Tristan’s eyes seemed to sharpen, and Christine looked away.
“…and look what happened,” she finished.
“What did happen?” Tristan leaned forward in his seat, every inch the hunter.
“You know as does everyone else here. What no one knows, myself included, is where he is now.”
Tristan sat back, disappointed. Christine had thought of another reason that Tristan might be helping her, but could not bring herself to believe it.
He might be interested in me. In the same way that Dreadford is.
The thought of being desired by Tristan was intoxicating, setting her heart racing.
But I have to live in the real world. Such things are not for me.

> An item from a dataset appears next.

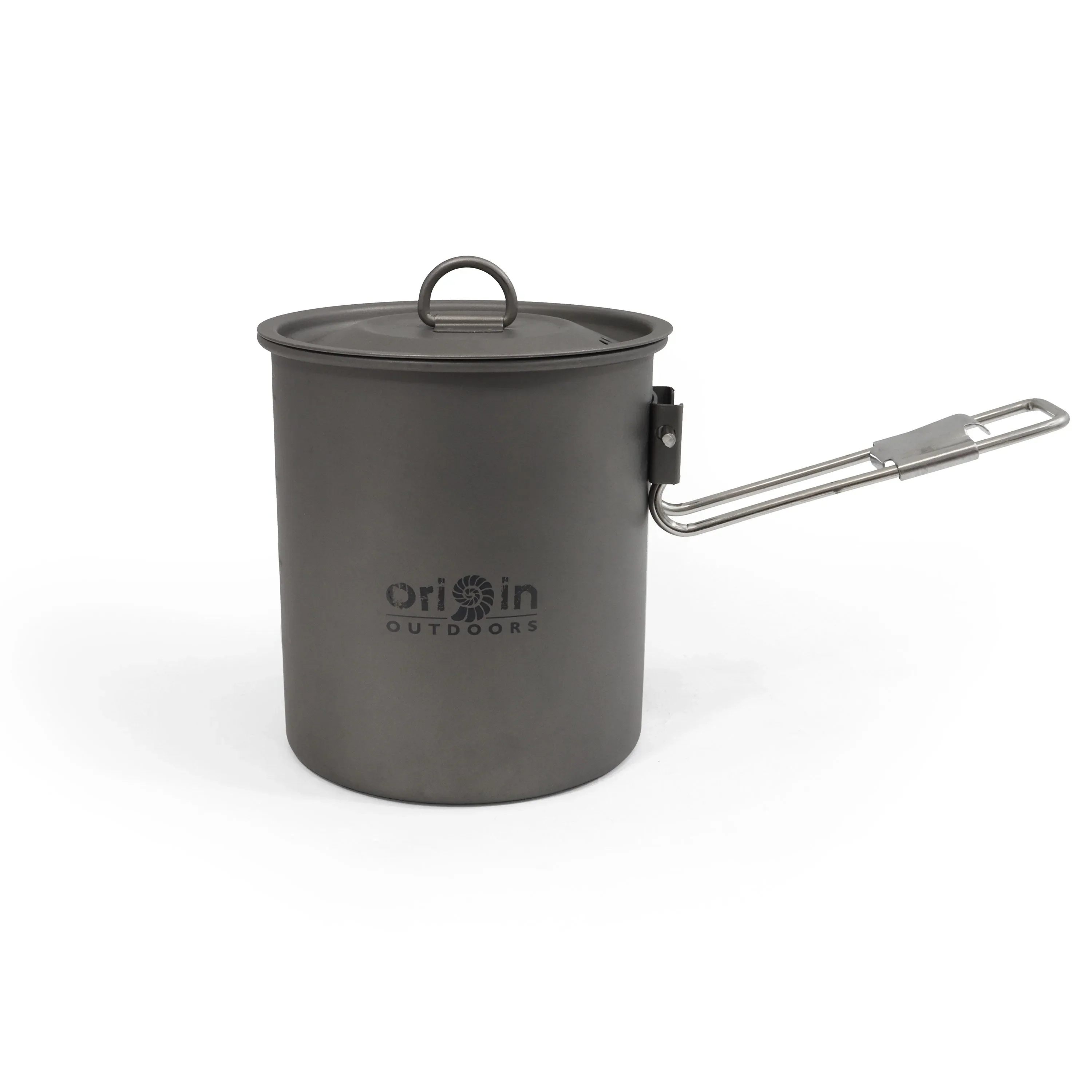 Origin Outdoors -  Origin Outdoors Topf Camping Titan 750 ml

Tristan shrugged. “As you were saying, after this week, there will still be seven weeks of pregnancy ahead for your sister. You will just have to endure Gillray for two months. Such hardship. Fine food, a nice house, servants to wait on you. However will you manage?”

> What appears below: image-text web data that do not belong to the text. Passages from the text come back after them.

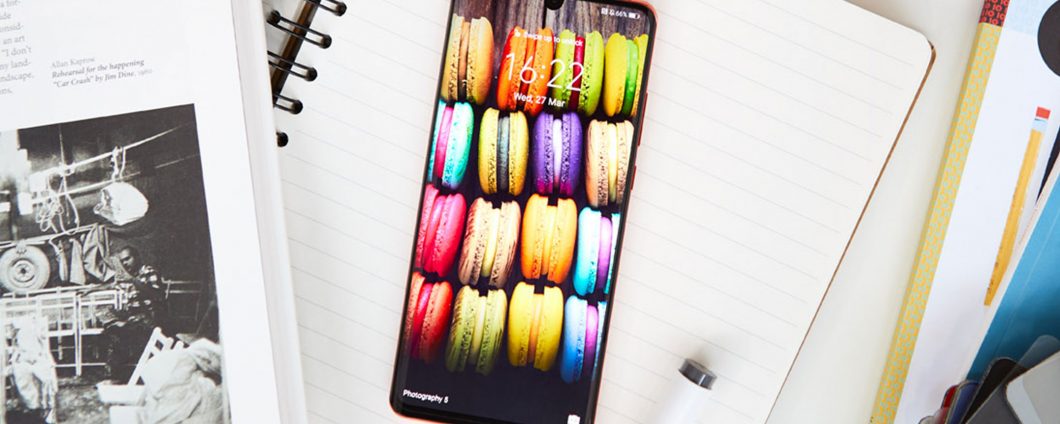 Huawei: توفر MediaTek أجهزة مودم 5G رخيصة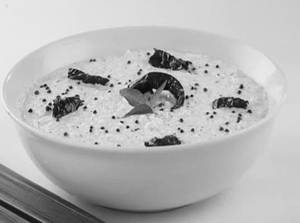 WhiteChutney[250ml]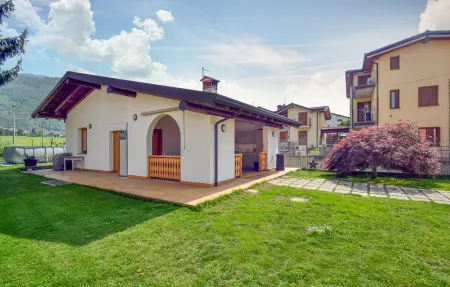 La Gallina, Maison 5 personnes à Artogne - Photo 10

His words were so barbed that Christine was unable to prevent herself from replying in kind. His sarcasm stung.
“Yes,” she snapped, “such hardship as being bartered to Lord Dreadford like a broodmare for the advancement of Lady Gillray. Sold to be his mistress. Why do you think I set so much value on trust? It is literally all I have.”
Her voice wavered as anger gave way to something like despair. “You ask, you prod, but you do not give. Tell me why you are so keen that Charles should face justice. What is it to you? Money?”
Tristan did not reply. Christine threw up her hands.
“You see? When it is your turn, you dodge and evade but demand total honesty from me!”
She turned and fled, skirts whipping, along a hedge-lined path that led, she knew not where. All she knew was that she needed to be away from him. At that moment, his company was intolerable. She stopped, panting, in the dappled green hush of an arboretum. There, she sank to the ground and pressed her face into her hands. It was hopeless. All of it.
“Christine.”
She flinched. He was there, of course, he was. Tristan dropped down beside her on the grass, heedless of his fine clothes.
“Go away,” she muttered.
“No.”
“Why must you torment me?”
He was quiet for a long moment.
“Because I have torments enough of my own.”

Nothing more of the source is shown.